It’s easy to glance at The Report and think you know the story. You know that during the Bush administration, the CIA tortured detainees, but knowledge and understanding aren’t the same thing. People knew Richard Nixon was a crook when All the President’s Men came out, and they knew the Catholic Church had covered up the sexual assault of children when Spotlight came out. With The Report, writer-director Scott Z. Burns is playing at the Oscar-worthy level of those films as he does a deep dive into the investigation to unearth the truth behind the CIA’s “Enhanced Interrogation Techniques”. Even if you think you know the story, you’ve probably only scratched the surface. Without ever lapsing into cheap tricks or tired clichés, Burns paints an engrossing picture of how the CIA pursued torture and the fight to make the report public. With an amazing cast led by an unforgettable performance from Adam Driver, The Report strikes at the heart of why it’s vital for the U.S. to acknowledge and learn from its mistakes.

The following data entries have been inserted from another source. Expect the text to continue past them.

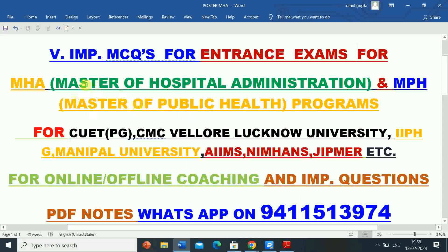In this video, I will give you information regarding 20 very important multiple choice questions for the preparation of entrance exams for Master of Hospital Administration (MHA) and Master of Public Health (MPH) for various universities and institutes like Common University Entrance Test PG (CUT PG), CMC, Christian Medical College Vellore, Lucknow University, IIPH Gandhinagar, Manipal University, AIIMS Rishikesh, AIIMS Raipur, AIIMS Jodhpur, PGIMER Chandigarh, TISS Mumbai, JIPMER Pondicherry, NIMHANS Bangalore, Pune University, and all other universities and institutes which conduct MPH, MHA and other quantitative exams.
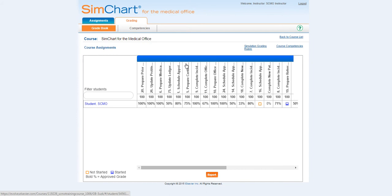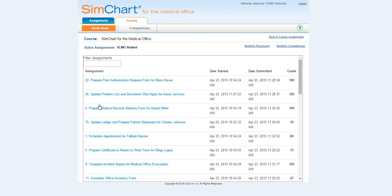Next, click on the student's name. Now, click the student's playground button.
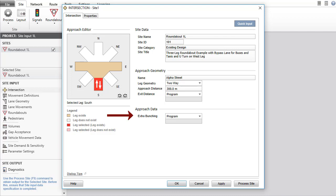Extra Bunching parameter in the Approach data group is mainly used to allow the effect of upstream signals on the capacity of roundabouts and two-way sign-controlled intersections. The Program option will result in automatic calculation of extra bunching in network analysis under the Network tab. For individual site analysis under the Site tab, select the Input option and specify a value using the method recommended in the User Guide.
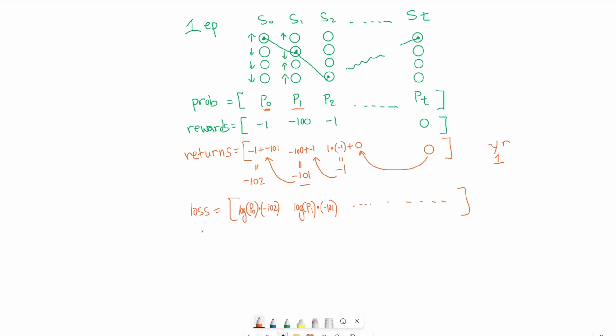At this point with the loss, we can tell PyTorch to do back propagation or gradient descent to minimize the loss. But for reinforcement learning, we actually want to do the opposite. We want to do gradient ascent to find the maximum returns. Now how can we do gradient ascent in PyTorch? There is a rule that says if you want to do gradient ascent on a loss, you can actually do gradient descent on the negative of that loss, which means we can just flip the signs of all of our loss and apply regular gradient descent to it.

After a brief prologue introducing us to investigator Daniel Jones (Driver), the film primarily covers the years between 2009 and 2014 when Senate Intelligence committee head Dianne Feinstein (Annette Bening) tasked Jones with putting together a report on the CIA’s “enhanced interrogation” program. While details of the program had leaked out somewhat in the press, there wasn’t a full accounting of what the CIA knew, why they chose to engage in torture, and how they covered it up. As Jones and his team dig into the details of what happened, they’re constantly confronted with new obstacles as political power shifts, new figures aim to push their agenda, and everyone but Jones seems conflicted about whether or not the report should be made public.
The Report is an unapologetically dense movie. Like any good journalism drama, it throws a lot of information at the audience and demands your full attention as you keep up with a litany of facts, names, and events. Burns doesn’t aim to overwhelm his audience, but he doesn’t try to hold their hands either. By skillfully employing flashbacks that coincide with Jones’ discoveries, we feel like we’re learning the information along with him. It’s an expert use of showing, not telling, so that even when Jones is reciting information from his report, we feel like we know the players he’s talking about. When he mentions someone like Gina Haspel (Maura Tierney), we recognize the name, not just because she’s the current head of the CIA, but because we know her from the scenes where she’s condoning torture because she’s so desperate to prevent another 9/11 even though the psychologists at the heart of the torture program are clearly quacks and con men.
I never felt like I was lost during The Report because I was always on the edge of my seat, eager to learn the next revelation and to see Jones fight back against anyone who would like to see the truth covered up. The film takes no prisoners, and while the CIA is cast as the villain, no one really gets away clean here. The Obama Administration serves as the antagonists at various points as we learn why they were reluctant to spend their political capital investigating the previous administration despite their obvious guilt. Burns doesn’t include these notes as a “gotcha” moment or as some ploy for bipartisanship. The purpose of The Report is accountability and why it matters.
The importance of that accountability pulses through every action we see from Jones. Through Driver’s astounding performance, we see Jones as a driven investigator who can’t help but become passionate about his report, not just because it has consumed his entire life, but because of the nightmares it has caused. Jones isn’t working for partisan ideals or some moment in his past that connects him to his findings. He’s the hard-charging guy who refuses to back down, and yet Driver pitches his performance perfectly. He doesn’t come in yelling with righteous fury from the beginning. You see how the more Jones becomes invested, the more intense Driver’s performance becomes, and it’s amazing to see him play off a ridiculous bench of talented actors that includes not just Bening but also Jon Hamm, Matthew Rhys, Corey Stoll, and more.
It’s very easy for major events to vanish down the memory hole these days. It’s hard to remember the major news stories from five weeks ago let alone five years ago, but that’s why movies like The Report are so essential when they’re done as well as this. Burns doesn’t need to rely on cheap moments like a fictional girlfriend who chides Jones for not being home more often or a shadowy figure who stands outside Jones’ apartment at night. Burns has the facts on his side and a story that desperately needs to be told and retold so that it doesn’t happen again, especially as we have a cruel President who thinks torture is good because people applaud it at rallies. The U.S. tortured people. It was morally repulsive, tactically inefficient, and strategically detrimental to national security. The Report provides a powerful picture of why we can never forget that.
The Report does not currently have a release date.